The film is centered around a young teenager named Joshua Cody (James Frecheville) aka "J", who finds himself in a perplexing situation when the police start to investigate his family. For years, J's family has always had their hands in organized crime and bank robberies; even coercing some crooked cops to overlook some of their crimes. To say that J's family isn't ball's deep in illegal activities would be naive, as they've been running a pretty successful racket for quite a while. However, as a wise man once said, all good things must come to an end. As the police start to get more fierce in their investigation, distrust and confusion plagues J's family. Bringing them to the point where J's girlfriend is viciously murdered in cold blood out of a misunderstanding of where J's true loyalties lie.
At first, he adamantly vows not to say anything to the police but when he finds out his girlfriend is murdered, by one of his uncles, he soon has a change of heart. However, can he even trust the police? After all, even after his uncles are in jail, his grandmother, Janine (Jacki Weaver), manages to pull a few strings to have a few crooked cops try to kill him; even though he's allegedly protected in the witness protection program. That doesn't matter, as it seems J isn't safe anywhere he goes. What would anyone do if this suddenly happened to them? Where would any of us go? To be honest, I don't know what I would do if this happened to me, but the end result of this film isn't for the faint of heart. As I said earlier, sometimes we're forced to do things we're not so proud of to survive. Sure, we may not want to, or we would like to believe that there's another way, but what other choice do we really have?
I have to say that I was highly impressed with David Michod's direction of this film. Although the film does borrow elements from other crime dramas like "The Town", "Goodfellas", and "The Departed", it still manages to create a unique feel all it's own. With "Goodfellas", "Animal Kingdom" borrows the element of the main protagonist getting sucked into organized crime, as he eventually tries to distance himself from it; only to have his own life in danger later on.
With "The Town", there's the sense of family being ball's deep in organized crime. Where everyone is on the edge, as to who to trust. Everyone wants to do whatever it takes to protect the family but at the same time, everyone is clearly out for themselves. The we get to "The Departed", where the "Animal Kingdom" borrows the elements of a corrupt police force aiding a illegal crime syndicate; hence putting our main protagonist's life in jeopardy even more. All these elements were borrowed from those other crime dramas mentioned, but they're all woven together quite beautifully. Creating arguably one of the most captivating crime stories that I've ever seen, as it'll leave audiences begging for more.
Jacki Weaver plays the part of innocent motherly figure to perfection; throughout most of the movie.
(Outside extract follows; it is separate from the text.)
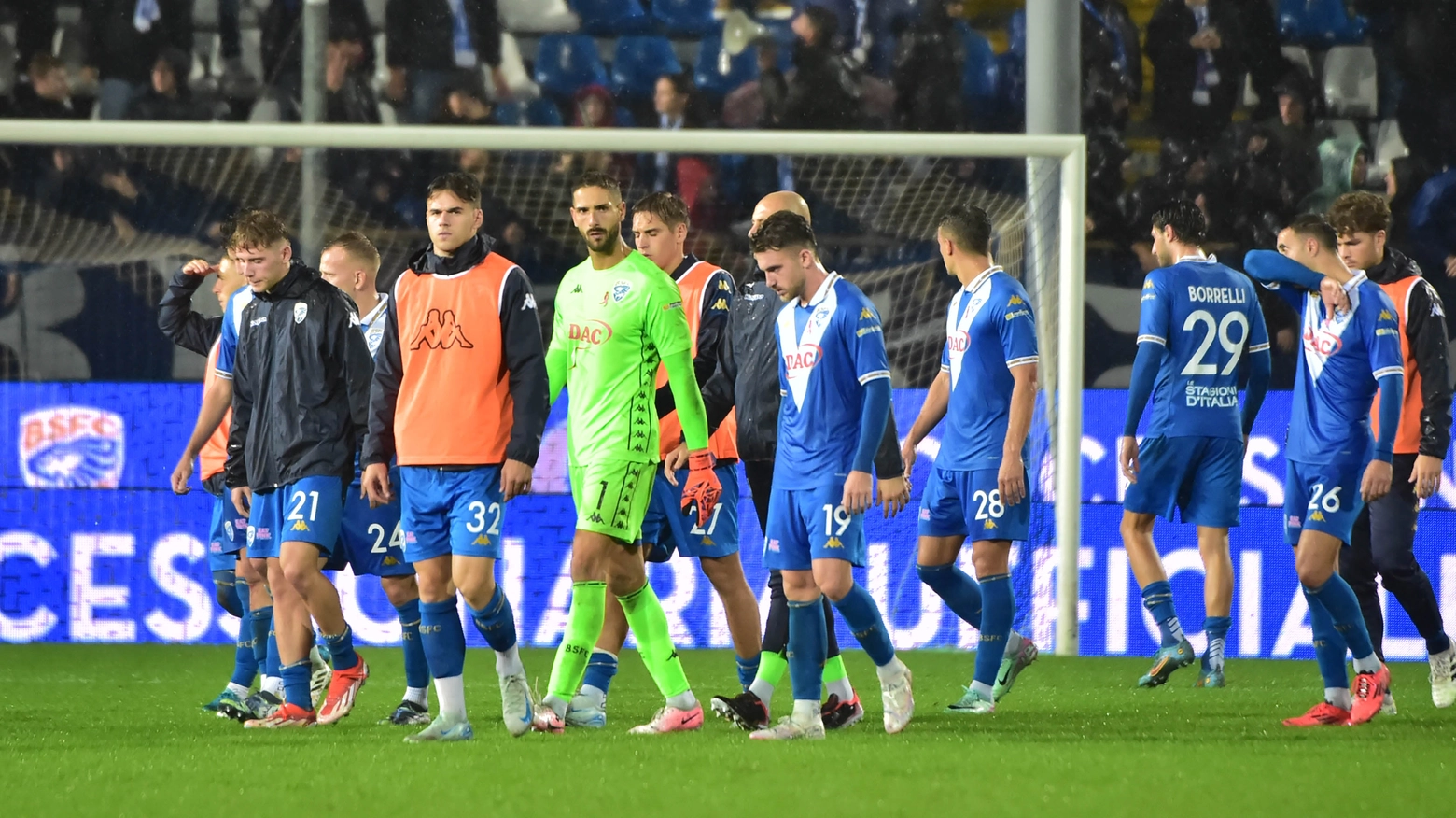 Dopo la secca cinquina patita con il Sassuolo, il tecnico lavora per rincuorare le Rondinelle in vista della trasferta a Cesena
However, I wouldn't let that innocent act fool you, as she can be quite manipulative and vindictive when she wants to be. Just take the scene where she blackmails the same cop that's been aiding her family for years to put a hit out on her own grandson, Josh. You tell me, does this sound like the act of a innocent woman? I certainly don't think so, and I don't think anyone else should either.
In the end, I would have to give this film a three and a half out of four. It's certainly not as deep as the other crime dramas that I mentioned previously, as those offered more deep introspective moments with the lead actor. Whereas this film, I felt James Frecheville's performance came off a bit stale at times. However, it's not too bad where it ruins the whole movie, but it could have been a bit better. Overall, if your a huge fan of crime dramas, then I would highly recommend this film. It may not have been as commercially as popular as the other ones mentioned, but you won't be disappointed.